Records for the exercise:
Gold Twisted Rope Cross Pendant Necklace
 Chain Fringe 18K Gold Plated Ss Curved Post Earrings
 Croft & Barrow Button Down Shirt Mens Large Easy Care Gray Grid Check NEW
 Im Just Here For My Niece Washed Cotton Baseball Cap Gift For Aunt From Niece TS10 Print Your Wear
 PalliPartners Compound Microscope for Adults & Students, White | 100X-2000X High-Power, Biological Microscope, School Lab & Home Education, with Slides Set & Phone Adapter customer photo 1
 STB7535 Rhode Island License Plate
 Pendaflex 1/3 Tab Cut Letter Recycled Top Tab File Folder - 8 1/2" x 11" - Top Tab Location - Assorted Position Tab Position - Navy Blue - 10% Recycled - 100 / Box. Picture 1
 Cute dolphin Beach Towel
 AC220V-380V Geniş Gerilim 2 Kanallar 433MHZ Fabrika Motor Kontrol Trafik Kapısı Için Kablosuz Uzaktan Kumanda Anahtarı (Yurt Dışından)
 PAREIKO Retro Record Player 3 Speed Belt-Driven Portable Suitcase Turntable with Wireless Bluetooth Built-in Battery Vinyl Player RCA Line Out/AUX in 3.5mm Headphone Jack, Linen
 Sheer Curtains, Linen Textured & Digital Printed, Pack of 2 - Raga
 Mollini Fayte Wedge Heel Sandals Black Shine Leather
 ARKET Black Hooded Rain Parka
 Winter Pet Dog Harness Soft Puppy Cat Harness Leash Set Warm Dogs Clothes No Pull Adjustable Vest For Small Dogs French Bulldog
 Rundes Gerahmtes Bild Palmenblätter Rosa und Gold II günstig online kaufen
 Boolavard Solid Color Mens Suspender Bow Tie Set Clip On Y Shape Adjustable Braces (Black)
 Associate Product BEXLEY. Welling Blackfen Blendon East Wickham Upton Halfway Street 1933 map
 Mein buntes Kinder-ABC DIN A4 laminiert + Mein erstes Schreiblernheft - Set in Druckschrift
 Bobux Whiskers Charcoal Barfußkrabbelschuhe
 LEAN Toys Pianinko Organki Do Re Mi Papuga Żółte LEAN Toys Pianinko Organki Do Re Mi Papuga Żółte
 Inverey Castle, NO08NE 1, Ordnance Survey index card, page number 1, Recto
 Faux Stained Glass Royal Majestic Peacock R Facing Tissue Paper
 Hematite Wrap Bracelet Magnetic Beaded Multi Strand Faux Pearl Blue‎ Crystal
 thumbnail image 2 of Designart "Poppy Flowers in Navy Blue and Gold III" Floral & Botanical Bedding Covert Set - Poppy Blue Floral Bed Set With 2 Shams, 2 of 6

What is required: Scan the lines above, and whenever one holds the string "Navy", copy it.

Task result:
 Pendaflex 1/3 Tab Cut Letter Recycled Top Tab File Folder - 8 1/2" x 11" - Top Tab Location - Assorted Position Tab Position - Navy Blue - 10% Recycled - 100 / Box. Picture 1
 thumbnail image 2 of Designart "Poppy Flowers in Navy Blue and Gold III" Floral & Botanical Bedding Covert Set - Poppy Blue Floral Bed Set With 2 Shams, 2 of 6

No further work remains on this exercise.